If $f$ is onto then its one to one. Here are few things which I have come up with. Since $f$ is onto

$Ran(f)=f(A)=B$

since A and B are finite with same size, $A\sim B \Rightarrow A\sim f(A)$

So to prove that f is one to one, should I just assume that there are two
values, $x_1,x_2$ such that $f(x_1)=f(x_2)$ and try to prove that
$x_1=x_2$ . This is the standard approach to prove that the function is one to one but I am having difficulty with this route. Can people offer any hints ?

Thanks

**Deveno** · December 21st 2011, 07:28 PM

suppose that $f(x_1) = f(x_2)$ but that $x_1 \neq x_2$ , that is, that one target in B has two different sources.

well, there's only so many points of A to go around. and if we've "doubled up" two of those to send to a single point in B, how can f be onto?

alternatively, begin with what you're given. f is ONTO.

this means that every point $b \in B$ has a pre-image $a \in A, f(a) = b$ . note that every element of B must have a distinct pre-image

in A, since f is a FUNCTION. after we've sent every element b of B "back to (a) pre-image", are there any elements of A left over?
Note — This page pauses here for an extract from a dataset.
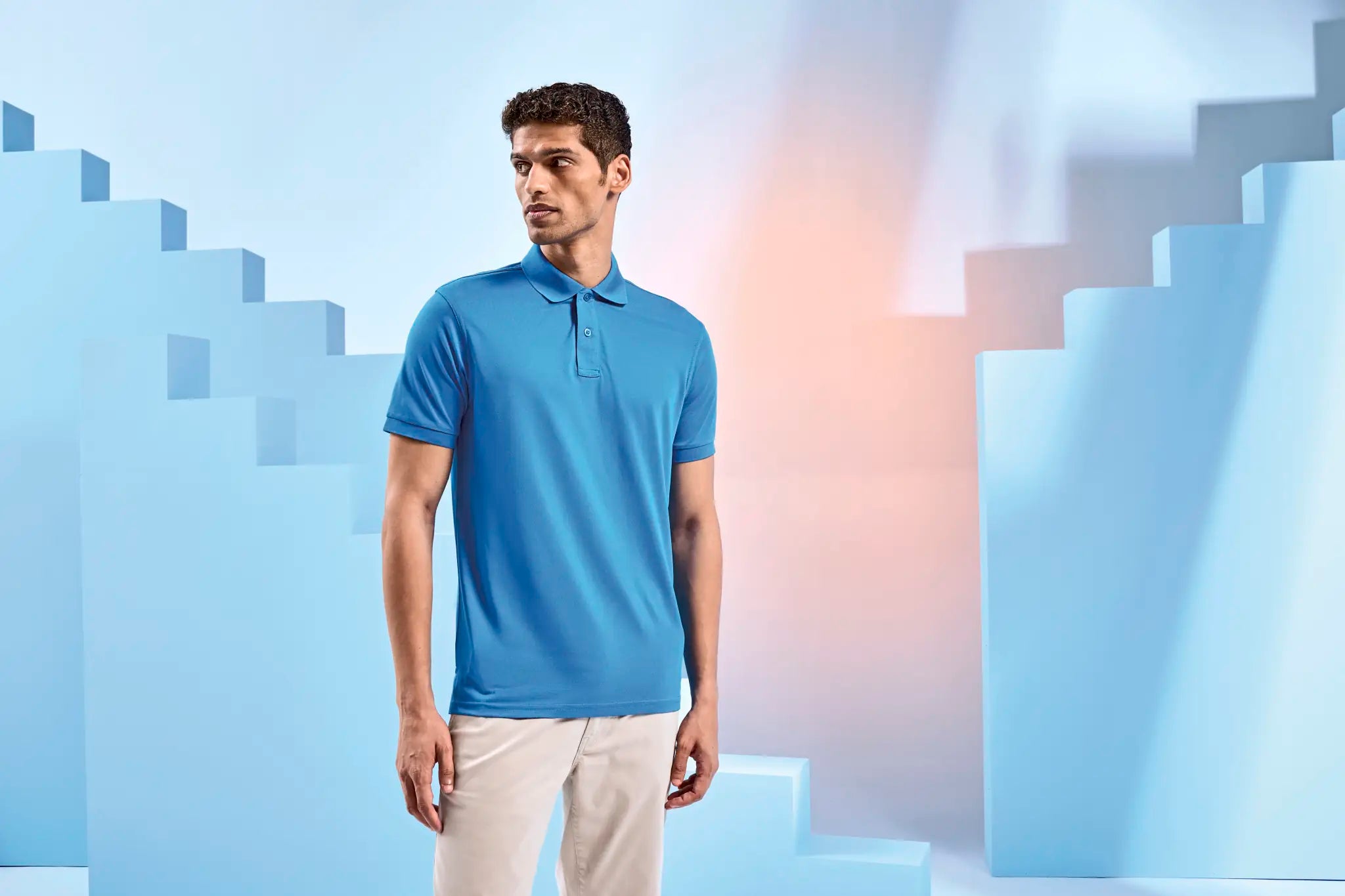 all-groups Men's Recycled Polyester Performance Polo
**nikhilbhr** · December 21st 2011, 09:29 PM

f:A->B
range of f is a subset of B.
since f is onto so the ,range of f=B=f(A).
Now We can prove that f is one-to-one by contradiction.
Assume x1 ,x2 belongs to A and we have
f(x1)=f(x2) but x1!=x2.
Since |A|=|B|,there will exist one element in B which wont have any preimage in A.
Which means that f is not Onto ..
hence it is proved by contradiction that when f(x1)=f(x2) then x1=x2 ie f is one-to-one.

Correct me if i am wrong.

**nikhilbhr** · December 21st 2011, 09:30 PM

f:A->B
range of f is a subset of B.
since f is onto so the ,range of f=B=f(A).
Now We can prove that f is one-to-one by contradiction.
Assume x1 ,x2 belongs to A and we have
f(x1)=f(x2) but x1!=x2.
Since |A|=|B|,there will exist one element in B which wont have any pre image in A.
Which means that f is not Onto ..
hence it is proved by contradiction that when f(x1)=f(x2) then x1=x2 ie f is one-to-one.

Correct me if i am wrong.

**Plato** · December 22nd 2011, 02:57 AM

Originally Posted by issacnewton

Suppose A and B are finite sets
and $f:A\to B$
Prove that if $|A|=|B|$ then $f$ is one to one iff $f$ is onto.[/tex]

For each $b\in B$ then $f^{-1}(\{b\})$ is a nonempty subset of $A$ .
That is $|B|=|A|$ nonempty, disjoint subsets of $A$ .
Can any one of them contain more than one term?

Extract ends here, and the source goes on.